If you don't want to wait for training to complete, I've pretrained a model for you. The following code will download it. Uncomment the last line if you want to use it instead of the model trained above.

In [19]:
# extra code – downloads a pretrained model
url = "https://github.com/ageron/data/raw/main/shakespeare_model.tgz"
path = tf.keras.utils.get_file("shakespeare_model.tgz", url, extract=True)
model_path = Path(path).with_name("shakespeare_model")
shakespeare_model = tf.keras.models.load_model(model_path)

In [20]:
y_proba = shakespeare_model.predict(["To be or not to b"])[0, -1]
y_pred = tf.argmax(y_proba)  # choose the most probable character ID
text_vec_layer.get_vocabulary()[y_pred + 2]



'e'

# Generating Fake Shakespearean Text

In [21]:
log_probas = tf.math.log([[0.5, 0.4, 0.1]])  # probas = 50%, 40%, and 10%
tf.random.set_seed(42)
tf.random.categorical(log_probas, num_samples=8)  # draw 8 samples

<tf.Tensor: shape=(1, 8), dtype=int64, numpy=array([[0, 1, 0, 2, 1, 0, 0, 1]])>

In [22]:
def next_char(text, temperature=1):
    y_proba = shakespeare_model.predict([text])[0, -1:]
    rescaled_logits = tf.math.log(y_proba) / temperature
    char_id = tf.random.categorical(rescaled_logits, num_samples=1)[0, 0]
    return text_vec_layer.get_vocabulary()[char_id + 2]

In [23]:
def extend_text(text, n_chars=50, temperature=1):
    for _ in range(n_chars):
        text += next_char(text, temperature)
    return text

In [24]:
tf.random.set_seed(42)  # extra code – ensures reproducibility on CPU

In [25]:
print(extend_text("To be or not to be", n_chars=100, temperature=0.01))

To be or not to be the duke
as it is a proper strange death,
and then the sea to the death, and the duke and the death


In [None]:
print(extend_text("To be or not to be", temperature=1))

In [None]:
print(extend_text("To be or not to be", temperature=100))

# Sentiment Analysis

Generating text can be fun and instructive, but in real-life projects, one of the most common applications of NLP is text classification - especially sentiment analysis. The IMDb dataset consists of 50,000 movie reviews in English (25,000 for training, 25,000 for testing) extracted from the famous Internet Movie Database, along with a simple binary target for each review indicating whether it is negative (0) or positive (1).
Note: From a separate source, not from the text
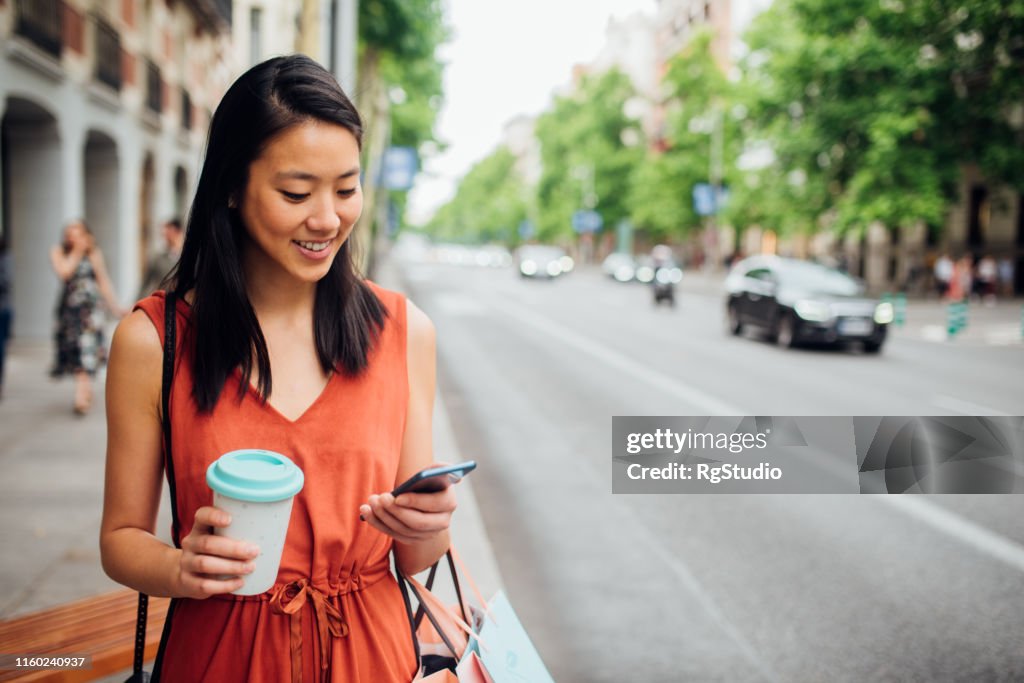 Young woman walking on the street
Let’s load the IMDb dataset using the TensorFlow Datasets library. We’ll use the first 90% of the training set for training, and the remaining 10% for validation:

In [26]:
import tensorflow_datasets as tfds

raw_train_set, raw_valid_set, raw_test_set = tfds.load(
    name="imdb_reviews",
    split=["train[:90%]", "train[90%:]", "test"],
    as_supervised=True
)
tf.random.set_seed(42)
train_set = raw_train_set.shuffle(5000, seed=42).batch(32).prefetch(1)
valid_set = raw_valid_set.batch(32).prefetch(1)
test_set = raw_test_set.batch(32).prefetch(1)

2022-11-27 12:57:06.331879: W tensorflow/core/platform/cloud/google_auth_provider.cc:184] All attempts to get a Google authentication bearer token failed, returning an empty token. Retrieving token from files failed with "NOT_FOUND: Could not locate the credentials file.". Retrieving token from GCE failed with "FAILED_PRECONDITION: Error executing an HTTP request: libcurl code 6 meaning 'Couldn't resolve host name', error details: Could not resolve host: metadata".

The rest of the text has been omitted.